Check System Integrity failure for SSL certificate

I discovered an issue when trying to delete an unused environment. I needed to first delete an environment binding for a certificate, but this wasn’t allowed because of an unexpected value.

Digging a little deeper, i was able to find the integrity checks that were failing for the same reasons.

The RelatedDocumentId 'certificates' for Event Id 'Events-17215' is not in the expected format.
The RelatedDocumentId 'certificates' for Event Id 'Events-17216' is not in the expected format.
The RelatedDocumentId 'certificates' for Event Id 'Events-17218' is not in the expected format. 

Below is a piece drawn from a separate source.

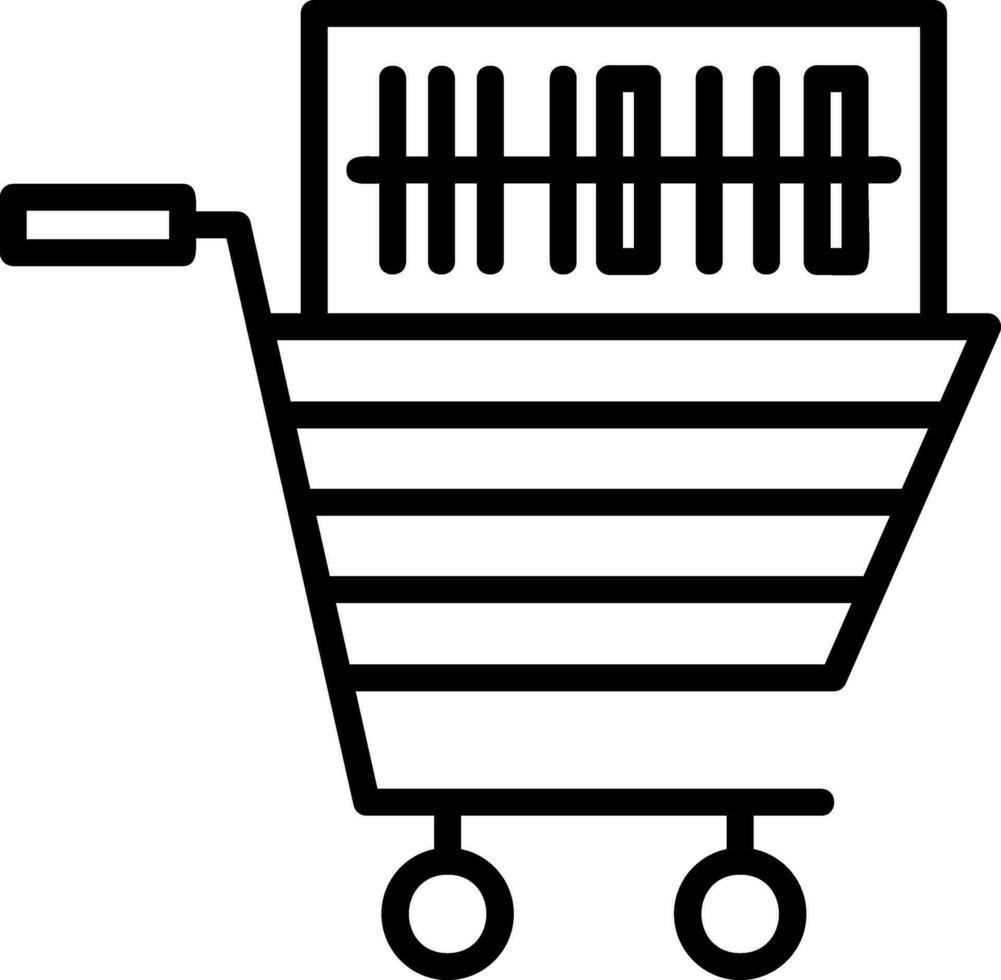 Shopping Barcode Vector Icon Design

Digging even deeper into the SQL database itself. I can see that Event.RelatedDocumentIds has a reference to a bunch of IDs, including one called certificates. I also looked in the EventRelatedDocument and see that there is an entry in there for “certificates” in the RelatedDocumentId column.

I had a look on the following Github issue, but the proposed SQL query fix doesn’t appear to be appropriate for my issue.

We’re currently running version v2020.6 (Build 4915).

Is there anything we can do to resolve this? As it’s stopping us tidying up some old applications, certificates and environments.

Hi @amadiere,

Thanks for reaching out.

Can we please take a look at those events with a SQL query?

SELECT * FROM dbo.Event WHERE Id = 'Events-17215' or Id = 'Events-17216' or Id = 'Events-17218'

Then save the results as a CSV and send them to me in a private message?

Please let me know if thats something you’re allowed to do. I can also give you a link to directly upload them to our support files site.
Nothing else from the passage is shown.